Anthony J. Pennings, PhD

WRITINGS ON DIGITAL ECONOMICS, ENERGY STRATEGIES, AND GLOBAL COMMUNICATIONS

US Internet Policy, Part 5: Trump, Title I, and the End of Net Neutrality

Posted on | May 16, 2021 | No Comments

The election of Donald Trump in 2016 presented new challenges to broadband policy and the net neutrality rules passed under the Obama administration. Tom Wheeler resigned from the Federal Communications Commission (FCC), allowing Trump to pick a Republican chair and swing the power to the GOP.

The major issue would be to challenge the FCC’s 2015 classification of Internet Service Providers (ISPs) under Title II of the Communications Act of 1934 that emphasized common carriage, the commercial obligation to serve all customers equally and fairly. This post recaps the development of net neutrality rules for Internet broadband under the FCC during the Obama administration to their immediate dissolution under the Trump administration’s FCC.
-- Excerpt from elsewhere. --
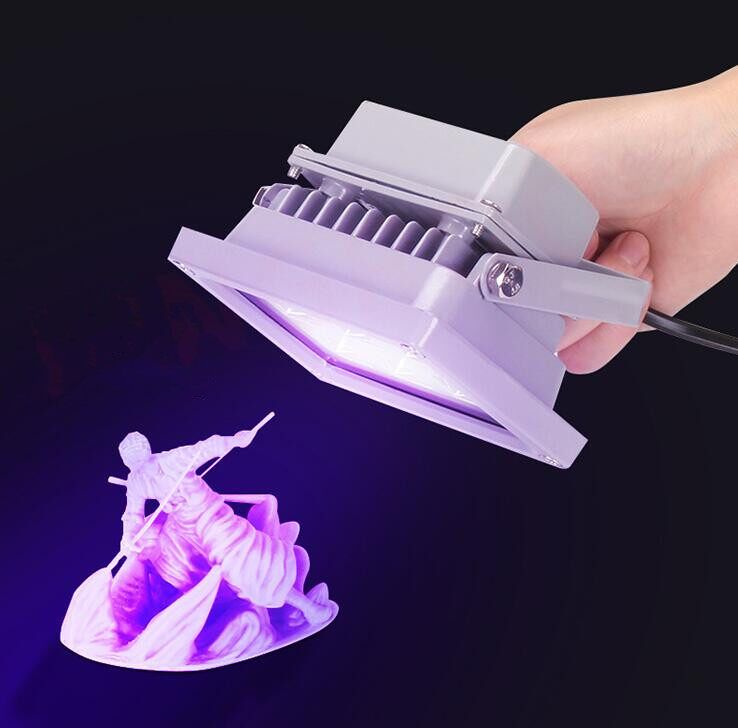 Kingroon Fast Curing Light Polymerization Lamp UV Cure LED Lamp For UV Resin 3D Printers EU Plug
The FCC’s Computer Inquiries were conducted from the 1960s to the 1980s and identified three layers of technological services for data communications. The telecommunication market offering basic services to homes and businesses would be classified as regulated Title II companies because of their monopoly positions. Data communications and processing service providers operating on top of the telco infrastructure would be lightly regulated Title I “enhanced” companies. The content companies that would offer information services were not included in the regulations. This legal framework allowed the Internet to take off in the 1990s, including the creation of over 7,000 ISPs in the US. But this was before the higher speed broadband services became available.
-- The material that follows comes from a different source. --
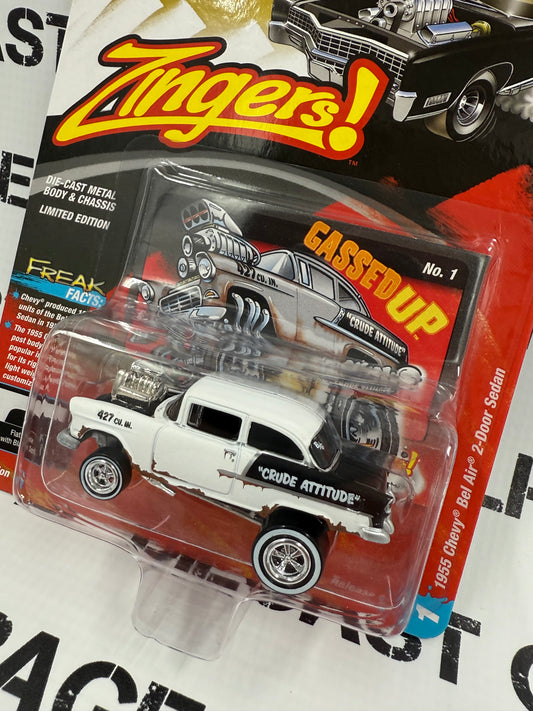 JOHNNY LIGHTNING 1955 Chevy Bel Air Gassed Up 1:64 Diecast Street Freaks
Broadband companies became Title I “information services” during George W. Bush administration’s FCC. Telephone companies that had carved up America during the breakup of AT&T in the 1980s became unregulated ISPs. Cable television companies had also developed IP broadband capabilities in the late 1990s and, with cable modems, competed or merged with telephone companies to provide “triple play” (TV, broadband, and voice) services to households. In 2009, cable companies were also deregulated by classifying them under Title I.

The result of these two decisions was a highly oligopolistic market structure for broadband services. These companies began to acquire smaller ISPS, often after making it difficult for them to interconnect to their facilities as they had been required as Title II companies. Customers soon found themselves limited to monopoly or duopoly ISPs in their area.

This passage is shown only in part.